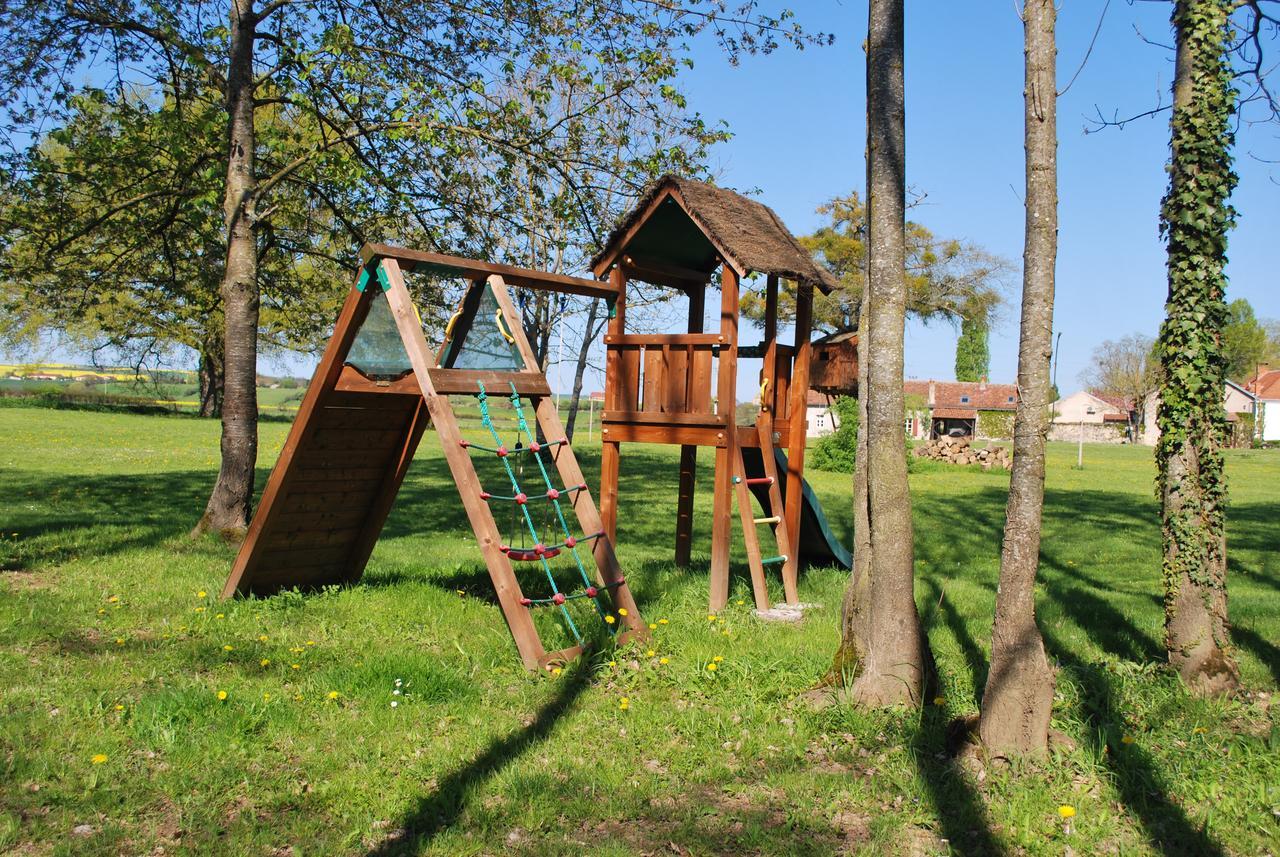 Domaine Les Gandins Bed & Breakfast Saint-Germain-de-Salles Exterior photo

--

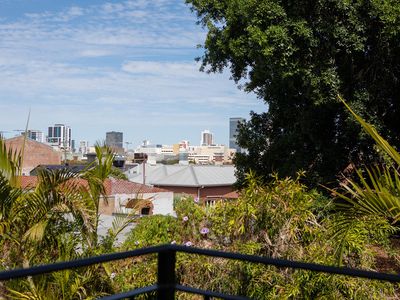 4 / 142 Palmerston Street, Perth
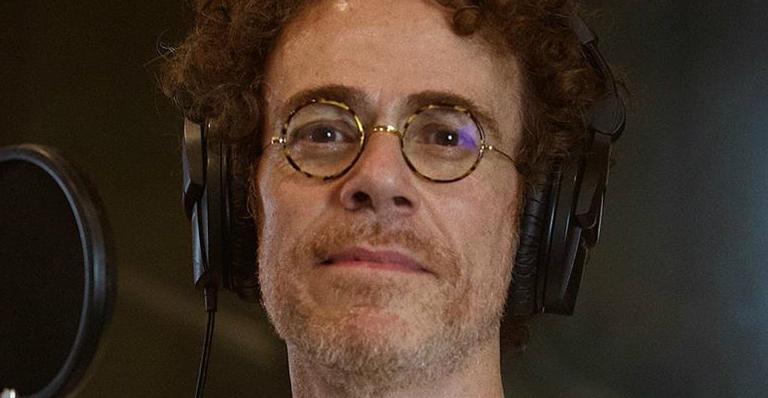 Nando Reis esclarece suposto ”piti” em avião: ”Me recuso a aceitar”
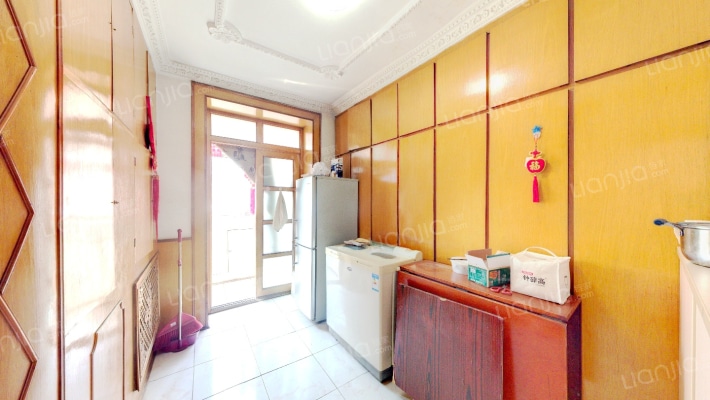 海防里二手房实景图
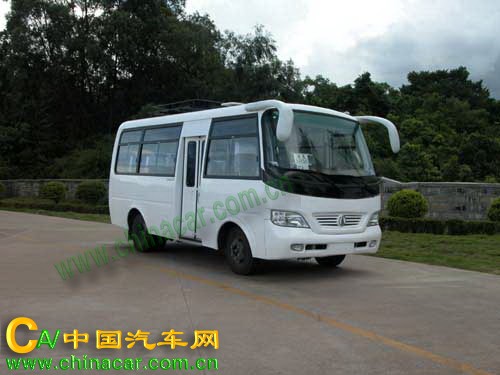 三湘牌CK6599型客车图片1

◆ Assignment:
Go back to the lines above and output, exactly as they stand, the ones from the line containing "Nando Reis esclarece" to the line containing "三湘牌CK6599型客车图片1". Leave all pictures behind.

◆ Finished exercise:
 Nando Reis esclarece suposto ”piti” em avião: ”Me recuso a aceitar”
 海防里二手房实景图
 三湘牌CK6599型客车图片1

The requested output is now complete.